Introduction
Land acknowledgements
Campus land acknowledgment
We pause to acknowledge all local indigenous peoples, including the Yokuts and Miwuk, who inhabited this land. We embrace their continued connection to this region and thank them for allowing us to live, work, learn, and collaborate on their traditional homeland. Let us now take a moment of silence to pay respect to their elders and to all Yokuts and Miwuk people, past and present.
Instructor’s land acknowledgment
UC Merced and the City of Merced are on the traditional territory of the Yokut people. This land was stolen by Spanish, Mexican, and American settlers through acts of slavery and genocide. In addition, UC Merced is strongly associated with Ahwahne, known as Yosemite Valley. This valley was the traditional home of the Ahwahnechee people, who were the victims of some especially horrific, state-sponsored genocidal acts. For more on the history of Ahwahne, see https://tinyurl.com/y879jw8s. For more information on land acknowledgments, see https://native-land.ca.
About the instructor
Dan Hicks is a philosopher turned data scientist turned philosopher.

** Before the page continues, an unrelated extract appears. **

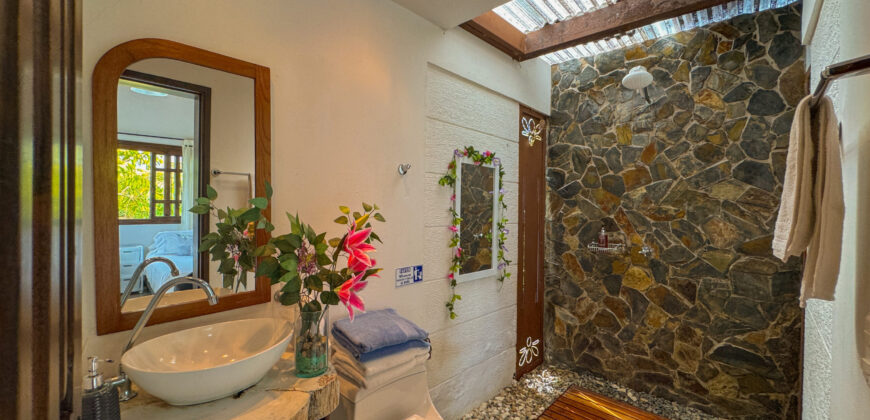 1802 Finca Montenegro Quindío📍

I use they/them pronouns and identify as nonbinary. I grew up in Placerville, about two hours north of Merced in the Sierra Foothills. One branch of my family came to California during the Gold Rush, so I identify heavily as a Californian and have some complicated feelings about the genocide. I finished my PhD in philosophy of science at Notre Dame in 2012. After that I worked in a series of research positions in academia and the federal government. During 2015-2019 I was using data science methods at least half-time. I joined the faculty at UC Merced in Fall 2019.
- Email: dhicks4@ucmerced.edu
- Student hours: By appointment: https://doodle.com/mm/danhicks/office-hours
- Website: https://dhicks.github.io/
What this course isn’t, and is
Is Not:
- a statistics course (in the way you think)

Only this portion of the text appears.